### Task goal
Ignoring every picture, return the lines of the listing below word for word, from the line that holds "Lower-end GE and" through the line that holds "Pretty much all".

===== Extracted records

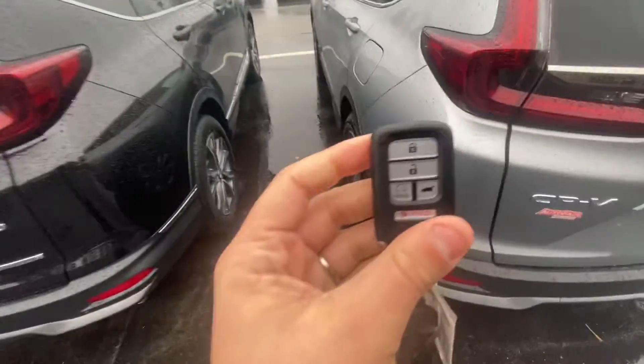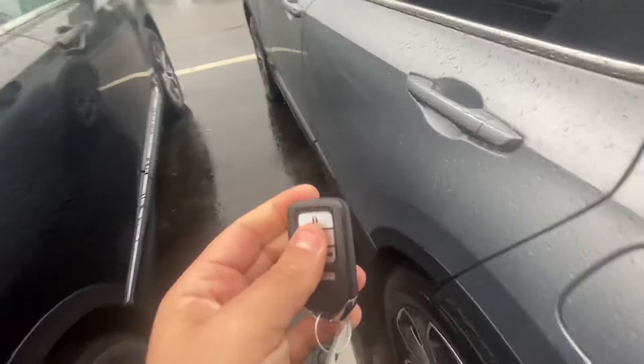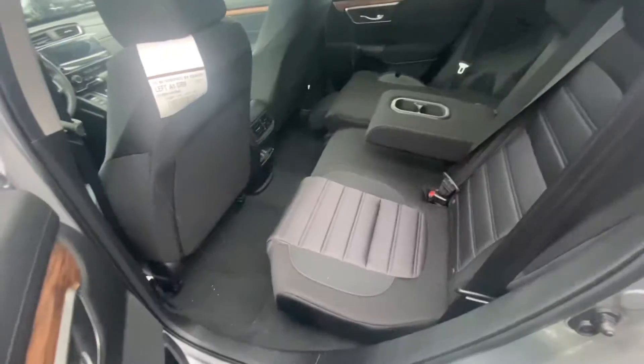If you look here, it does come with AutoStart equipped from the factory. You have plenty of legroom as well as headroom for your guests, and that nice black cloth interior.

==========
===== Extracted records

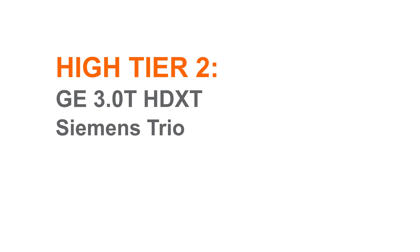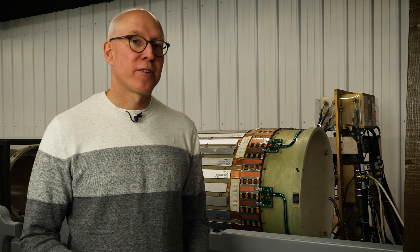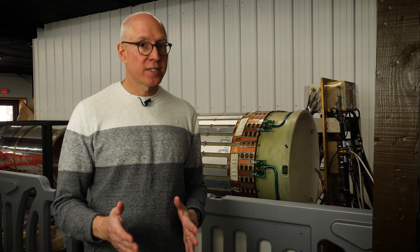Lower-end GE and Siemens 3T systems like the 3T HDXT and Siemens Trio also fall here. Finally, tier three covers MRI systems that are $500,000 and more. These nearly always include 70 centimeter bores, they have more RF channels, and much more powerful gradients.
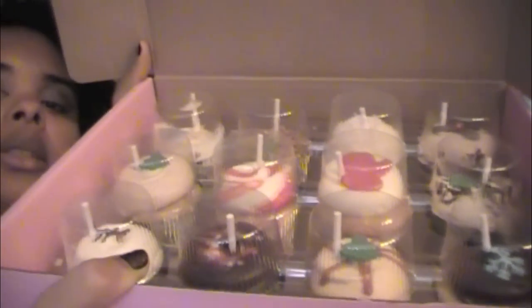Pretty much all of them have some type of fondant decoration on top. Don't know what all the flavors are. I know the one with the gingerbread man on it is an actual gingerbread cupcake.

==========

### Answer box
Lower-end GE and Siemens 3T systems like the 3T HDXT and Siemens Trio also fall here. Finally, tier three covers MRI systems that are $500,000 and more. These nearly always include 70 centimeter bores, they have more RF channels, and much more powerful gradients.
Pretty much all of them have some type of fondant decoration on top. Don't know what all the flavors are. I know the one with the gingerbread man on it is an actual gingerbread cupcake.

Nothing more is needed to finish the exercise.